▶ [Instructions for the task]: All entries below are to be reproduced precisely as they stand, without the pictures.

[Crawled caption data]
┄┄┄┄┄┄

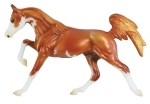 BF2023 Silent Auction Lot 11 - Kansas and Willamette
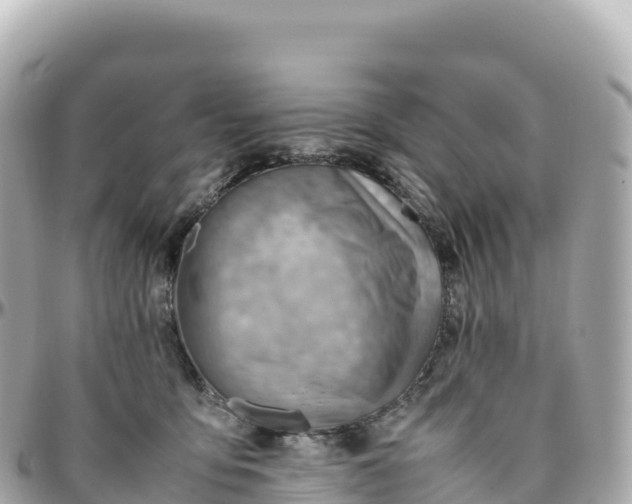 X0000095890419200801251207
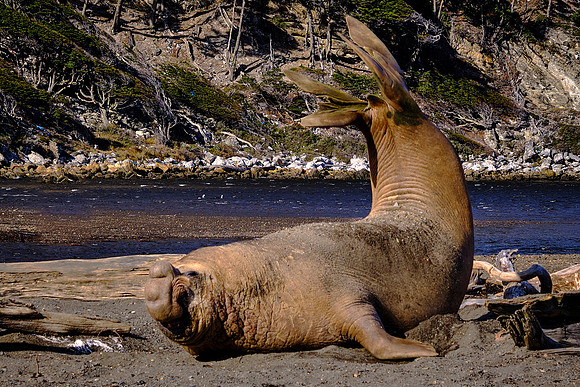 Elephant seal, Bahía Jackson, Karukinka National Park, Chilean Fjords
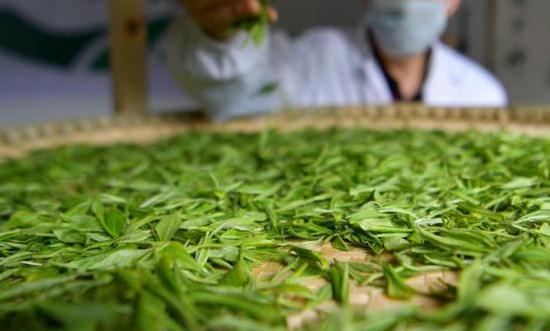 茶葉種植行業(yè)投資潛力、未來趨勢(shì)：朝著標(biāo)準(zhǔn)化、專業(yè)化、規(guī)?；较虬l(fā)展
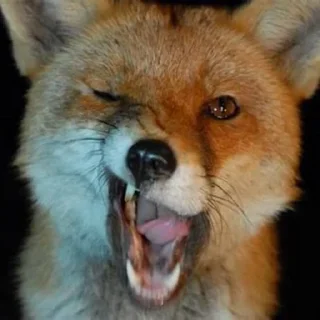 Стикер FoxxoPack - 8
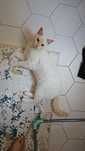 Отдам котёнка белого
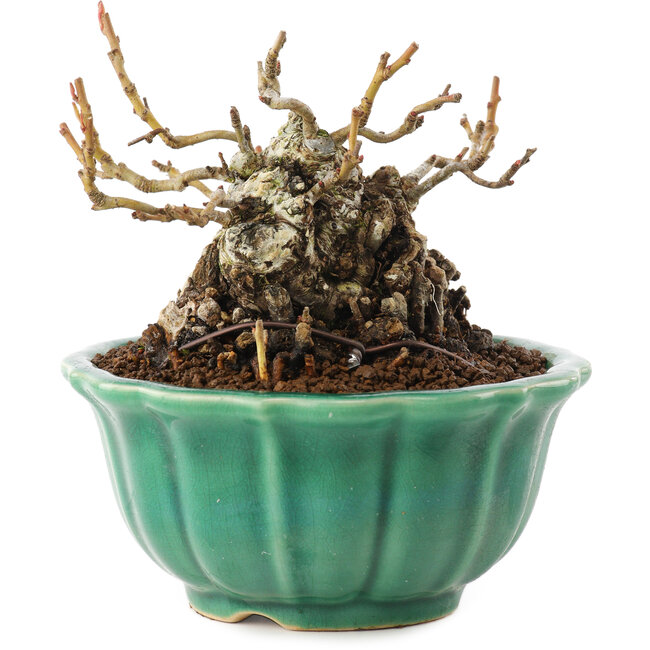 Chaenomeles speciosa, 9,5 cm, ± 30 Jahre alt, mit roten Blüten und gelben Früchten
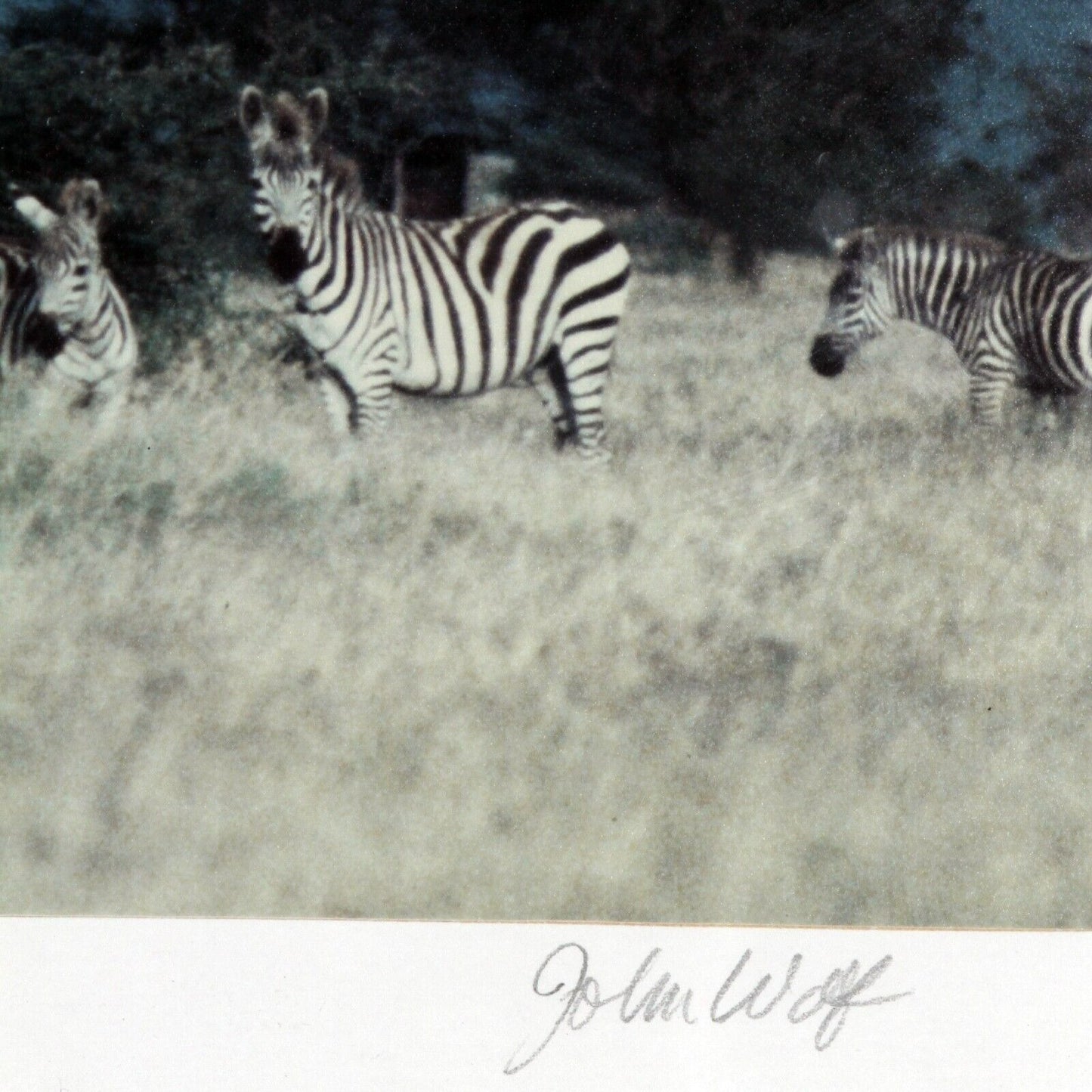 Zebras, Tanzania by John Wolf Signed Framed Photograph 24 x 20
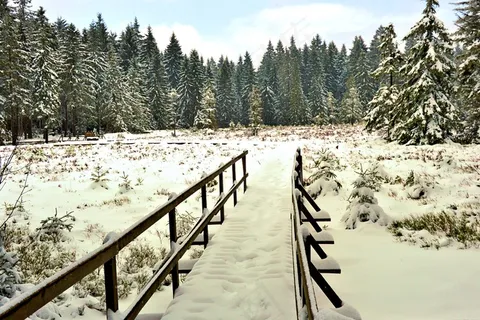 冬季唯美雪景图片 冬季唯美雪景图片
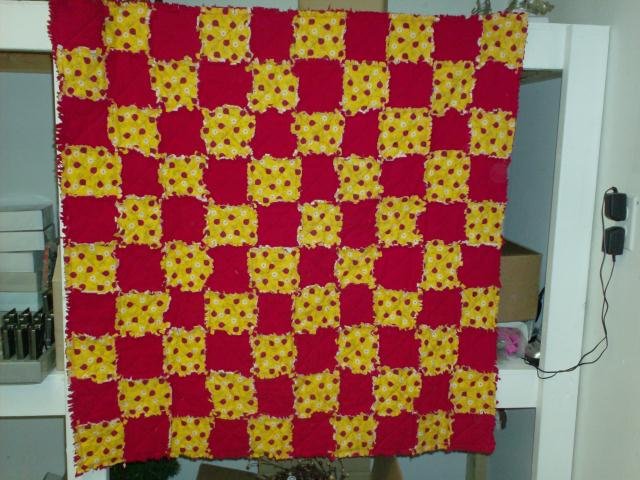 Ladybug Child or Small Throw Quilt, Handmade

┄┄┄┄┄┄

▶ [Answer for the task]:
 BF2023 Silent Auction Lot 11 - Kansas and Willamette
 X0000095890419200801251207
 Elephant seal, Bahía Jackson, Karukinka National Park, Chilean Fjords
 茶葉種植行業(yè)投資潛力、未來趨勢(shì)：朝著標(biāo)準(zhǔn)化、專業(yè)化、規(guī)?；较虬l(fā)展
 Стикер FoxxoPack - 8
 Отдам котёнка белого
 Chaenomeles speciosa, 9,5 cm, ± 30 Jahre alt, mit roten Blüten und gelben Früchten
 Zebras, Tanzania by John Wolf Signed Framed Photograph 24 x 20
 冬季唯美雪景图片 冬季唯美雪景图片
 Ladybug Child or Small Throw Quilt, Handmade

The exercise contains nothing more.